For the last few seasons, I’ve been particularly interested in the trend of rising scores in NCAA, which is a relevant issue considering that the average team score for the top 36 teams in the country increased four tenths from 2012 to 2013 (from 195.406 in 2012 to 195.802 in 2013). That’s almost a fall worth of increase per team per meet, which is fairly insane. Were teams really a fall better in 2013 than in 2012? No. The evaluation of routines is clearly getting more lenient across the board. Now that the 2014 season is over, it’s time to revisit the topic following a year in which scores appeared to increase another notch with all the 10s and 198s we saw. Here are the average scores for the NCAA top 36 from 1999-2014:
And here’s the same information, but limited to just the span from 2006-2014 to zero in on recent trends.
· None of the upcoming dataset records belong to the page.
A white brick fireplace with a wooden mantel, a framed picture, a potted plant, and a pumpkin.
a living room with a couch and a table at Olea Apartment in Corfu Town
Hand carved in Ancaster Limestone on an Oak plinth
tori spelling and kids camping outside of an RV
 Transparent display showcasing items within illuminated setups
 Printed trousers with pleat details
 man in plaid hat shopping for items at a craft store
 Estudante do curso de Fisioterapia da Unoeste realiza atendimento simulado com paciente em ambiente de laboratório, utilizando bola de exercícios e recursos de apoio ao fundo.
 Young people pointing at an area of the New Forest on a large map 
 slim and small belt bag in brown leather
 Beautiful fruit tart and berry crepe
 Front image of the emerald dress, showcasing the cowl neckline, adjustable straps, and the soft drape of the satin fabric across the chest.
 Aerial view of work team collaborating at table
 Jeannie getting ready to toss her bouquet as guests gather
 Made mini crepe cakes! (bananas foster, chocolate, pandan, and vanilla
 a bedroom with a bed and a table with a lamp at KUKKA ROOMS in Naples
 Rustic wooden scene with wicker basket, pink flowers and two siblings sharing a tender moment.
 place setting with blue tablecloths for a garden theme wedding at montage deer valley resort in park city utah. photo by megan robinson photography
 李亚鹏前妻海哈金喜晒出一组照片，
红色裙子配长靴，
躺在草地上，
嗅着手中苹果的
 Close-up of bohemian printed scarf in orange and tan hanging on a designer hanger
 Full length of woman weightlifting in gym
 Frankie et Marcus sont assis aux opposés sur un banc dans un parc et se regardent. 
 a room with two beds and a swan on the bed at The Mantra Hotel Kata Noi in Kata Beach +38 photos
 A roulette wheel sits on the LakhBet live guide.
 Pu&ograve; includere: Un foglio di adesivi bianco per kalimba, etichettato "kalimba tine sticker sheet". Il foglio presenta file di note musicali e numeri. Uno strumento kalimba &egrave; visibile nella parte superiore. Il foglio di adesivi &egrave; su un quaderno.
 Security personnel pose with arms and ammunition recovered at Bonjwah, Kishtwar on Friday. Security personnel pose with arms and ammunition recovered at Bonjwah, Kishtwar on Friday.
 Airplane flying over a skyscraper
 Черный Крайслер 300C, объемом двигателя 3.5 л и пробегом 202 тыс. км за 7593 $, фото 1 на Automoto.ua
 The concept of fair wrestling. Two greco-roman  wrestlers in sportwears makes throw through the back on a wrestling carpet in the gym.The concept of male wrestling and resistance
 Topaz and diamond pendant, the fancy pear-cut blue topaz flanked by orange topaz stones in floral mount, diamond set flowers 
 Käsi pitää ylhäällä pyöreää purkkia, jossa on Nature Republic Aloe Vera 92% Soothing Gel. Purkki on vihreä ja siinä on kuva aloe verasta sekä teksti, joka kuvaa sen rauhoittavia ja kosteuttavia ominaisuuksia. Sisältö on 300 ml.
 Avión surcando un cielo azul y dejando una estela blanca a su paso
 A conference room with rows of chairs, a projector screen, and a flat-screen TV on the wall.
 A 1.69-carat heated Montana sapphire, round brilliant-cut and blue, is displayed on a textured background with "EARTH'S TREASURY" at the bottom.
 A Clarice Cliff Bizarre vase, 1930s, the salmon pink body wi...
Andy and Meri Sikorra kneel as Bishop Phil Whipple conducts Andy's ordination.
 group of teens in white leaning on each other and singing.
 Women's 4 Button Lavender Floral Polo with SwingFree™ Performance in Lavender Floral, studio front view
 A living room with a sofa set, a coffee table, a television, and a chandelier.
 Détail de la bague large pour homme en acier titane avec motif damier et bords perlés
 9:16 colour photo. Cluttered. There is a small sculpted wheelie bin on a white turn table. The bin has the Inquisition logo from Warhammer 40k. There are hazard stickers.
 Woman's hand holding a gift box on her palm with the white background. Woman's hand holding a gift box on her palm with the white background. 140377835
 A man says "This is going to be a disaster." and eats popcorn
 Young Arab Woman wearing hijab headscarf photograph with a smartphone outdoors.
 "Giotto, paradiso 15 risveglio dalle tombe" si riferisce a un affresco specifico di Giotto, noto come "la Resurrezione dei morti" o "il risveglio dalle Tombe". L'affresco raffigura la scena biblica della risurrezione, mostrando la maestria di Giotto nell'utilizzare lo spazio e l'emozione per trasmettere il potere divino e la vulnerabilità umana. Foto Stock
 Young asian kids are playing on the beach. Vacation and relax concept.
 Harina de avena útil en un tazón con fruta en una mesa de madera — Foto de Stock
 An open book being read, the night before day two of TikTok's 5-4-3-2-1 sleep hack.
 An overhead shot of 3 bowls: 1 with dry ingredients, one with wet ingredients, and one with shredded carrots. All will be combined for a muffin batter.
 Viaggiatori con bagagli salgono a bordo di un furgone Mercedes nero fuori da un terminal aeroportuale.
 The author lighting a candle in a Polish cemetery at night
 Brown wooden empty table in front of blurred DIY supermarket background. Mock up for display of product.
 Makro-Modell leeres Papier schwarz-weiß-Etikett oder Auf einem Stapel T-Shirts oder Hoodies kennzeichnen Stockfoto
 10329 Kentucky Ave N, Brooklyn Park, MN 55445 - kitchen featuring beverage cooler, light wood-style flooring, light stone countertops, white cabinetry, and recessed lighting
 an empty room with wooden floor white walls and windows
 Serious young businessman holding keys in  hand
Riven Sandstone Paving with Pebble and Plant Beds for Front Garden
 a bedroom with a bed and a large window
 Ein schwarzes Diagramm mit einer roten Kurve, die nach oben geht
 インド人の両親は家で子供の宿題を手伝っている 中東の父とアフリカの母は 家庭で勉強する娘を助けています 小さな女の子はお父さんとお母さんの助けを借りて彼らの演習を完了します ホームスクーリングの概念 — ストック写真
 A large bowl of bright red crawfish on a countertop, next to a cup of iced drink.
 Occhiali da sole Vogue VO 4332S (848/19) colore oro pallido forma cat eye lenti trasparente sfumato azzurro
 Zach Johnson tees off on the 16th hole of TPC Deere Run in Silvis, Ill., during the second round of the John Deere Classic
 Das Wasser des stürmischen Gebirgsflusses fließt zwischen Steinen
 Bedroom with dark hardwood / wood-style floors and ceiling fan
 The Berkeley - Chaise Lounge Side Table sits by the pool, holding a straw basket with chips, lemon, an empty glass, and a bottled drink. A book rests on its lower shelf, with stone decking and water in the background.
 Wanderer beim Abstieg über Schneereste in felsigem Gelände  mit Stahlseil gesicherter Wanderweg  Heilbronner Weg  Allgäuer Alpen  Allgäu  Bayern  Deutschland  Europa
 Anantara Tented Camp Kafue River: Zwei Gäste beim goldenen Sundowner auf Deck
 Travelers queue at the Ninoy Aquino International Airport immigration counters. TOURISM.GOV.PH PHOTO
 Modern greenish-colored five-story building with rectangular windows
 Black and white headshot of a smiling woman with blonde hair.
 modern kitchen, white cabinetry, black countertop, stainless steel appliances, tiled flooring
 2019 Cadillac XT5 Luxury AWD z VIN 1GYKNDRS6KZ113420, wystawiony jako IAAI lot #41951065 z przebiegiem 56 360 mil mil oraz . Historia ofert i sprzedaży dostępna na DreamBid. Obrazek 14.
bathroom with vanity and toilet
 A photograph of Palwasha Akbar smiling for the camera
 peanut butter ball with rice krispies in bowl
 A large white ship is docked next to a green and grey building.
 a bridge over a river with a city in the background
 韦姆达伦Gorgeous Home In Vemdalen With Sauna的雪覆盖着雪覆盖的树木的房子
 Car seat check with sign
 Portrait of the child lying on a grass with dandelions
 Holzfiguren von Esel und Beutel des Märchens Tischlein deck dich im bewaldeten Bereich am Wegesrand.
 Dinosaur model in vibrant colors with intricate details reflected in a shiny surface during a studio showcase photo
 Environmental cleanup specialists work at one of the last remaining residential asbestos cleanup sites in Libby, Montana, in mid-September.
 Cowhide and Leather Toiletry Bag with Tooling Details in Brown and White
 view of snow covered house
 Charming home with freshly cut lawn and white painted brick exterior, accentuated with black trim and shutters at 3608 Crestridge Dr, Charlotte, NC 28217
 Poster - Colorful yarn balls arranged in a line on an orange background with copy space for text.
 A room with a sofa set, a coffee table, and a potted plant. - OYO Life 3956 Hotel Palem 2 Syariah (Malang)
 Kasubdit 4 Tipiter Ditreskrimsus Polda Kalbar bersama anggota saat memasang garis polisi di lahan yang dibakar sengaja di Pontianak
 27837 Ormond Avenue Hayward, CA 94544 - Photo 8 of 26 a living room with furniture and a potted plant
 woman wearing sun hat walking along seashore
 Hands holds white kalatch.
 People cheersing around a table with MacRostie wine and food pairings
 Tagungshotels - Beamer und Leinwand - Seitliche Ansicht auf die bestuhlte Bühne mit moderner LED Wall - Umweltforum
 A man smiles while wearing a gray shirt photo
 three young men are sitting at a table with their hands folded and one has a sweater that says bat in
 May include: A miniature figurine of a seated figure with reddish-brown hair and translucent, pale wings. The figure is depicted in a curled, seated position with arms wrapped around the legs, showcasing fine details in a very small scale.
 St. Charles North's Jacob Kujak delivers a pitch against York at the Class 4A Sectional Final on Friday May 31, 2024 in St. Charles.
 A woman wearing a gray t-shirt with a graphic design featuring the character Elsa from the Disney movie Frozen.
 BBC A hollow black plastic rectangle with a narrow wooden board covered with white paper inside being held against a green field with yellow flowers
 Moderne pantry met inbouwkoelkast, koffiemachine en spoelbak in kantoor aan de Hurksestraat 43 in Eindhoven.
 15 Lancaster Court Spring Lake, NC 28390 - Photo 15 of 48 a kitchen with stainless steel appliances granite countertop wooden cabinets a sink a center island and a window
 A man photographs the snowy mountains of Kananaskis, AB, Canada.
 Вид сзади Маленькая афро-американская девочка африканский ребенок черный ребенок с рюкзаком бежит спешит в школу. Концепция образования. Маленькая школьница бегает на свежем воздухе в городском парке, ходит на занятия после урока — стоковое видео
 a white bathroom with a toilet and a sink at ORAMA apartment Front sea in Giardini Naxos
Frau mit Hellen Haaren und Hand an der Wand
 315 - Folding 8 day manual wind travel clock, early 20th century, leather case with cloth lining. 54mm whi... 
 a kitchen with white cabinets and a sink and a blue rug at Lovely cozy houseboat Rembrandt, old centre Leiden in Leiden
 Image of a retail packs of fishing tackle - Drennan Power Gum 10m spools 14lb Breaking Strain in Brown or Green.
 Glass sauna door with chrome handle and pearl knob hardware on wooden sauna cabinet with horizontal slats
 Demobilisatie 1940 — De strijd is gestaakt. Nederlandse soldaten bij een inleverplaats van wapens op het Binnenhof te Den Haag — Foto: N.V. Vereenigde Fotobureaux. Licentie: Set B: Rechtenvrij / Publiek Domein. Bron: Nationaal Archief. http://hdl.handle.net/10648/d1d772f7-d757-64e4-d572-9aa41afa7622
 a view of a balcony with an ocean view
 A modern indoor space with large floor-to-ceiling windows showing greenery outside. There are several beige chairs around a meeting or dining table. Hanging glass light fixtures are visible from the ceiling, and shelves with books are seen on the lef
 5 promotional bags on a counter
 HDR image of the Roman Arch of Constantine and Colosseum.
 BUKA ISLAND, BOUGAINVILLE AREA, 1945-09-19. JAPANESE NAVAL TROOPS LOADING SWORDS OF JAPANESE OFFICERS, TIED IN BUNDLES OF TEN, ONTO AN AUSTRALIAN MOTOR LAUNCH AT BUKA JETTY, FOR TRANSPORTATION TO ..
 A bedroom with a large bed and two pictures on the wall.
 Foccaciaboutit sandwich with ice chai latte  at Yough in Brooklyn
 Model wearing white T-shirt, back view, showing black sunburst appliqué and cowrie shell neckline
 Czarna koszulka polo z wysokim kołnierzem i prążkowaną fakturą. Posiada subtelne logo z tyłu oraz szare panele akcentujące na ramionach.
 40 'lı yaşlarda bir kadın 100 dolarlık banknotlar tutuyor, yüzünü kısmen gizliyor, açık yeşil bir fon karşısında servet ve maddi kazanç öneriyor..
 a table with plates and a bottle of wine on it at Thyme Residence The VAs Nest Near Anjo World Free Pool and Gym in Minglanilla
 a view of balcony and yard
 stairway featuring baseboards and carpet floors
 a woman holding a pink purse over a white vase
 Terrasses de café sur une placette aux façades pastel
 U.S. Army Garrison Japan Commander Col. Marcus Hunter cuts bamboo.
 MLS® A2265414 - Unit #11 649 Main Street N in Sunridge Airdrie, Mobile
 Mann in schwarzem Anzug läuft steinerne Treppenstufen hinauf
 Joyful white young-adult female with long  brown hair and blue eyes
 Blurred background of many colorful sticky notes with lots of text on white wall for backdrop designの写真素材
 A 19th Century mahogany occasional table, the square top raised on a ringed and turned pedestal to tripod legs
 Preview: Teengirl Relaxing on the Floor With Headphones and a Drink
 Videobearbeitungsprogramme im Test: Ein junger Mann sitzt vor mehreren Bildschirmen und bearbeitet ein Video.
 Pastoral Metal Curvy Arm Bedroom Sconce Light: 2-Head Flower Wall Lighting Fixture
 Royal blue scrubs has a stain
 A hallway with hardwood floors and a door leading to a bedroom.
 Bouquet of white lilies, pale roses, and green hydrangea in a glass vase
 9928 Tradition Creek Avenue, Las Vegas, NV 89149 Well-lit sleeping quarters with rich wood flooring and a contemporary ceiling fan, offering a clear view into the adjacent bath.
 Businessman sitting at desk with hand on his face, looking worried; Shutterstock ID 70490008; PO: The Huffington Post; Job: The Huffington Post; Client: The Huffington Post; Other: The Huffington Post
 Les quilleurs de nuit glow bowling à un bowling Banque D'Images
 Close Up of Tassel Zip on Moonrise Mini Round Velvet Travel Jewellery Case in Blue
The results are somewhat interesting for 2014 because while the scores did increase over last season, just as anyone who watched this year would have guessed, the overall increase is not particularly large. Now, those of us who have been following the scores closely would certainly argue that the mega-scoring we saw this season is only part of a trend that began in earnest last season, which is reinforced by the numbers, with 2014 seeing another jump over 2013 and coming in as the second-highest scoring season in NCAA history behind 2004.
But, the increase is perhaps surprising in its smallness. In fact, the increase from 195.802 in 2013 to 195.861 in 2014 comes out to only .059, or just a little bit more than one step per meet per team, which is notable but not exceptionally significant in the grand scheme of meet scoring. It’s certainly not the full four tenths leap we saw the previous year. So, why is that? We saw more 198s in 2014 than in 2013, and way more 197s, and the general perception is that scores skyrocketed this season and showed a clear departure even over the high scores of the previous season. What’s the deal? Well, the deal becomes somewhat more clear if we break down the top 36 into manageable chunks. Here are the average scores for only the top 12 teams from 1999-2014:
Compare this to the average scores for the teams ranked 13-36 over the same years.
We all know that the Parity Parrots like to pat themselves on the back for their work to increase parity in NCAA, but there are different types of parity. This year, we certainly saw evidence of parity at the very top of the sport manifested in our most competitive Super Six, but beyond that, the gap between the very best teams and everyone else actually increased in 2014 rather than decreased. The “others” were farther away from being able to challenge the best teams this season than in 2013.
- Also, in non-numerical news, Silvia Colussi-Pelaez is transferring from Florida to Oregon State for the upcoming season, which is exciting news for the Beavs. They’ve had a rough couple years, and she could contribute on as many as four events for them with some 9.8s. Conversely, she wasn’t making any lineups at Florida, and given the quality of the incoming classes, didn’t look to be making many lineups in the future. Also, as it has been discussed that Alex McMurtry is planning to come early, something was going to have to give in the scholarship-count department. Silvia’s sister, Mariana, will also be joining Oregon State the following season. Now Tanya, put that transverse aerial back in her beam routine. You know you want to.